Why I am not looking for work-life balance any more!

By |Published On: November 13th, 2018|

I am often asked how I juggle motherhood with being creative and running my own business. My answer is: I gave up perfectionism. And I stopped searching for balance in my life a long time ago. Instead, I am looking for fulfillment!

What does perfectionism and balance mean anyway?

There is no right or wrong answer? There are only stories to tell

Perfectionism – what is it? According to the Cambridge dictionary, it is the wish for everything to be correct or perfect. But who defines what “perfect” is? What does a perfect house look like? What does it mean to be a perfect family or a perfect woman?

We all know what society says about these things, but have you actually tried finding a definition for yourself? And do you know that there is no right or wrong answer? There are only stories to tell. Every day, the world tells you its own story about motherhood, womanhood, and the perfect family. But what is your story about it?

Priorities in life shift and nothing is written in stone

The other night, my daughter wanted to cuddle on the couch right after dinner. I looked at the dinner table and the dirty dishes in the sink, then I looked at her baby soft face and full cheeks… Oh screw you, perfectionism, can I instead have some cuddle time?

I curled up with her on the sofa and kept thinking… What kind of a role model am I? How can I teach my girl to trust her own decision-making; to listen to her own wisdom; to recognise her needs, her dreams, her fears? How do I show her to live by her own rules; to choose to be human rather than perfect? Because perfectionism doesn’t leave you room for progress and growth. Because perfectionism feels like you’ve arrived. Sometimes I think perfectionism must have been invented only to make people feel guilt and shame about who they are and how they do things in life. And the same goes with balance!

What is balance? I guess it is not about either/or; it is about having it all – but does that mean at all times? Always being there for your kids, having the perfect family, and being successful in your career? That’s not balance, that’s being superhuman.

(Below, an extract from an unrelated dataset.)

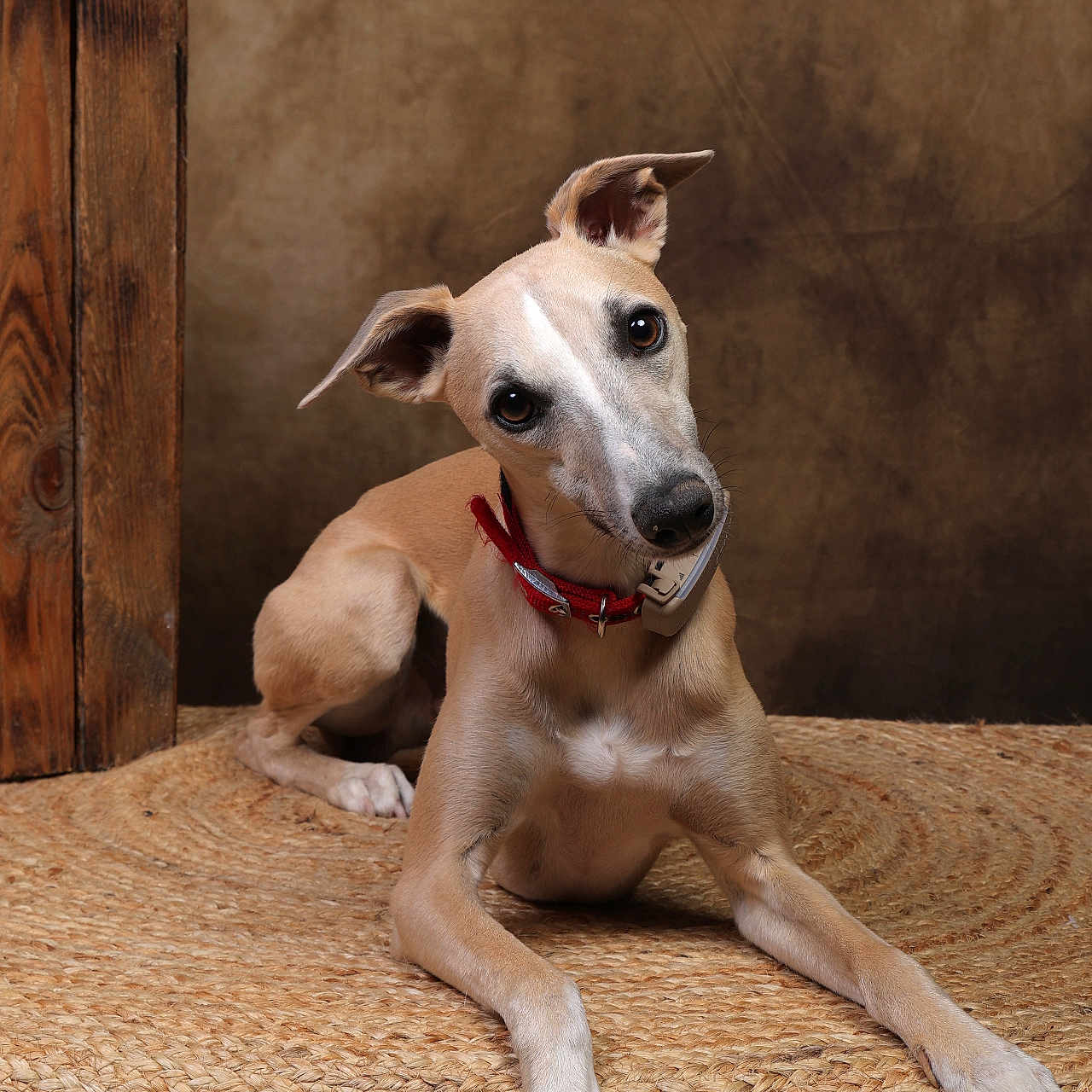 Appy participe au concours pour gagner de l'argent avec cette photo : dog, pet, animal, collar, phone, curious, lying_down, woven_mat, brown_background, wooden_plank, indoor, portrait, close_up, canine, ears_up, head_tilt, expression, domestic, fur, whiskers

Thinking of my own life, I am not always at my kids’ soccer games, I don’t always find time to cuddle with them… and I am not always home to read them a bedtime story! Sometimes I leave the house before they even get up and sometimes we order pizza in. But that’s because I choose to invest more time and energy in my work, which is very meaningful to me. There are days when my brain and my creative thinking kick in full-swing. I feel like different forces have taken over my life completely, but I also know deep down it is OK to let Daddy or Grandma take over with the kids. It is OK to have help and it feels good to get excited about something other than Peppa Pig’s next adventure trip.

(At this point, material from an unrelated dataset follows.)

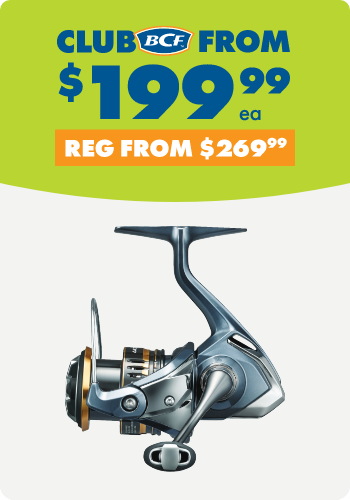 Shimano Ultegra Reels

Being cool about switching gears in my life – or, let me use another metaphor – switching cars (we’ve got a big family car and then my Mini Cooper, which reminds me of a completely different lifestyle), hasn’t always been the case. It took me some time till I figured out my own life rules and started living by those rules. The more I have been scrutinised and judged by friends and fellow mamas for what I do, the more I have grown resistant, confident, and smart about how I want to organise my time and what kind of lifestyle I choose.

Fulfilment is in knowing that you wouldn’t have it any other way

I have also learned to trust my own experience and instincts when it comes to what needs my attention the most. I know myself well enough to understand what I cannot compromise in my life. What I think we don’t realise is that each one of us has different values, and being tolerant to other people’s priorities will make us much more understanding, kind, and non-judgmental. Priorities in life shift and nothing is written in stone. We are not 20 years old any more. We know well enough what we thought of marriage and kids when we were young and how that changed during the years of experience we’ve had, right?!

What’s important to remember is that priorities change, and there are days when your kids really need you and there are days when your work or your relationship require extra attention. What’s also important is to accept that fact that you, yourself can be your own priority as well from time to time! The thing is that you are given the capacity and unique insight to feel that, and you will always know where to give your attention. People and life are not static things, and knowing what’s right for you and your life at the moment are within your own understanding! Never doubt that each of us is fully capable of being the “master of your destiny and the captain of your soul”. This is not a privilege; it is a daily choice you make! And that is exactly where your fulfillment will come from: the fact that you know yourself and keep learning from your unique experiences and the accumulated wisdom of your ancestors.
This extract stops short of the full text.